In the words of the late, great Browning Marean[i]:  “The “Delete” key is the greatest lie on the keyboard.”  Unfortunately, this maxim was lost on a UK drug trafficker convicted, in part, on emails he thought were deleted from his Yahoo! email account.  In a motion for discovery filed in the federal district court for the Northern District of California, defense lawyers contend Yahoo! produced six months of deleted email, recovered even though Yahoo!’s own policies indicated otherwise.  Russell Knaggs v. Yahoo! Inc., U.S.D.C. ND-Cal., Case #15-MC-80281-MEJ

In the motion, the criminal defendant speculates the email was collected in violation of UK privacy laws, either through real-time interception or some nefarious NSA surveillance program, such as those exposed by Edward Snowden.  As such, the evidence was unlawfully collected and should be suppressed.

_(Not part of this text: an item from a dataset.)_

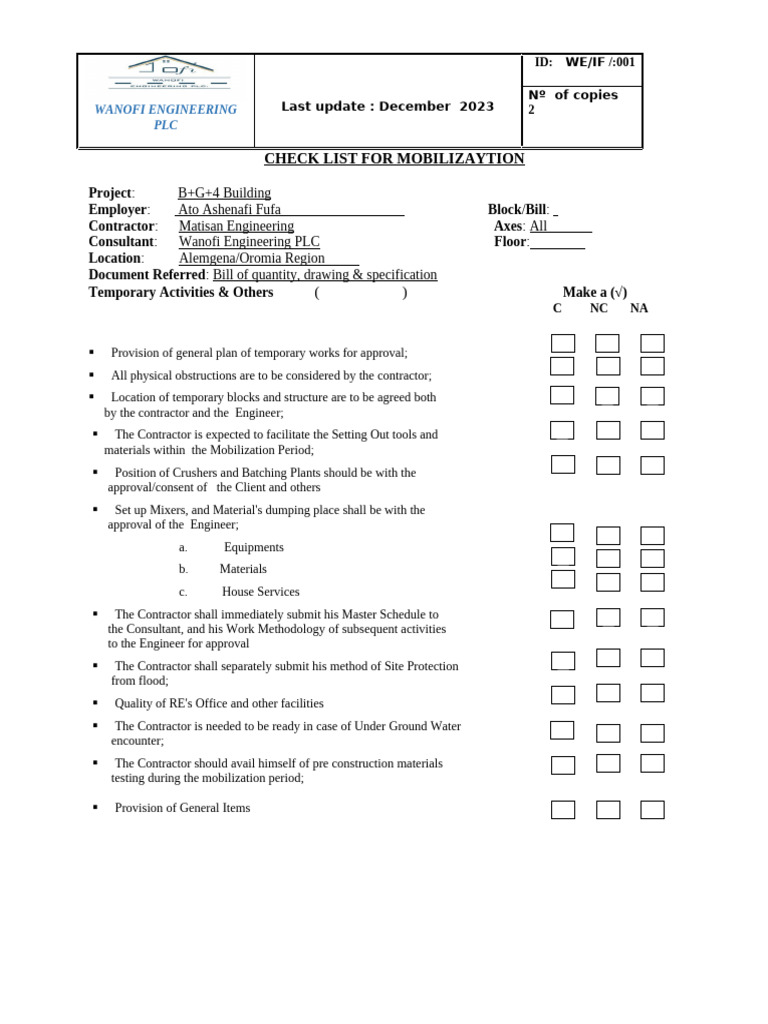 Mobilization and Work Permit Checklist | PDF | Concrete | Construction ...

Unfortunately for the drug dealer, the source of the mail is likely much more mundane.  Unfortunately for Yahoo!, its explanation was tortured enough that the court ordered limited discovery, and a person-most-knowledgeable deposition.  The focus of the ordered discovery is a determination of the method Yahoo! used to gather the email data to provide to the government.

For anyone who has performed an in-depth analysis of enterprise email systems, to borrow from the words of Dean Wormer in “Animal House,” there is “deleted, double deleted and double-secret deletion.”  To remind the uninitiated, and using Microsoft Exchange and Outlook as a model, the typical deletion process for email goes something like this:

  1. Delete the message in the email reader software (in the Microsoft world, that would be Outlook.)  This step simply moves the message from the “Inbox,” or other folder in which it is held, to the “Deleted Items” folder.
  2. Delete the message from the “Deleted Items” folder.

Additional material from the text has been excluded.